=== Section Start ===

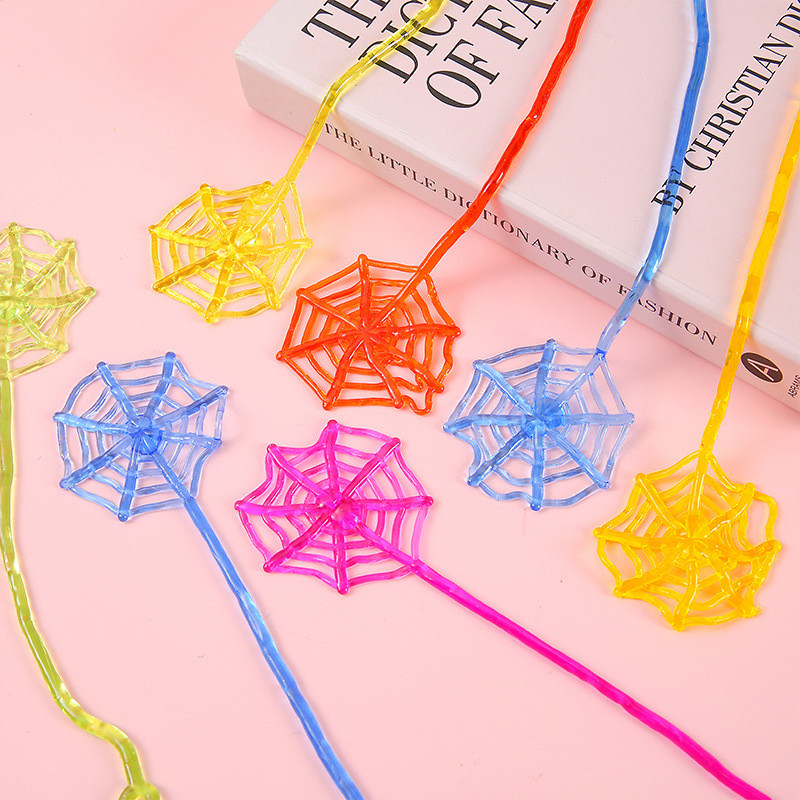Teia de aranha elástica extensível pegajosa teia de aranha brinquedos pequenos infantis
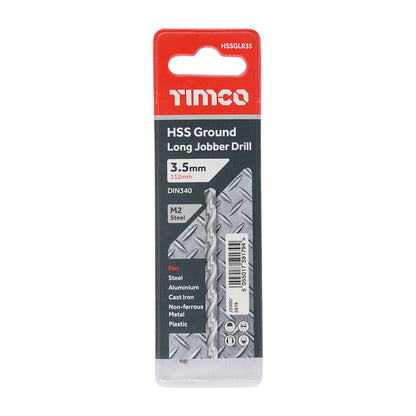 TIMCO HSS-G Long Series Drill Bit M2 3.5mm Pack 1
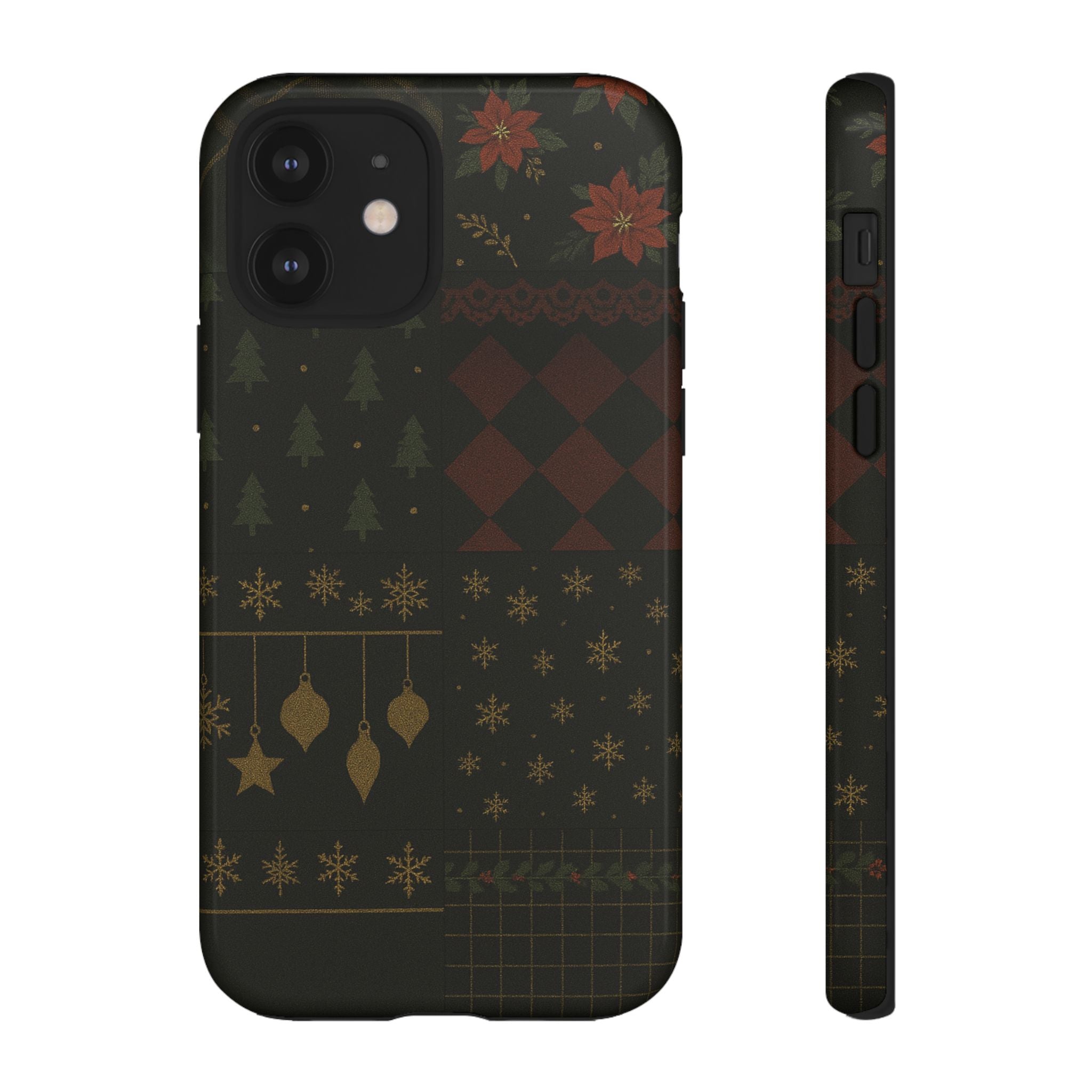 Black Luxury Phone Case for Christmas Festive Season - Tough design iPhone 12 Glossy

=== Section End ===

• **WHAT YOU HAVE TO DO**: Transcribe the data word for word, with no images.

• **RESULT OF THE TASK**:
Teia de aranha elástica extensível pegajosa teia de aranha brinquedos pequenos infantis
 TIMCO HSS-G Long Series Drill Bit M2 3.5mm Pack 1
 Black Luxury Phone Case for Christmas Festive Season - Tough design iPhone 12 Glossy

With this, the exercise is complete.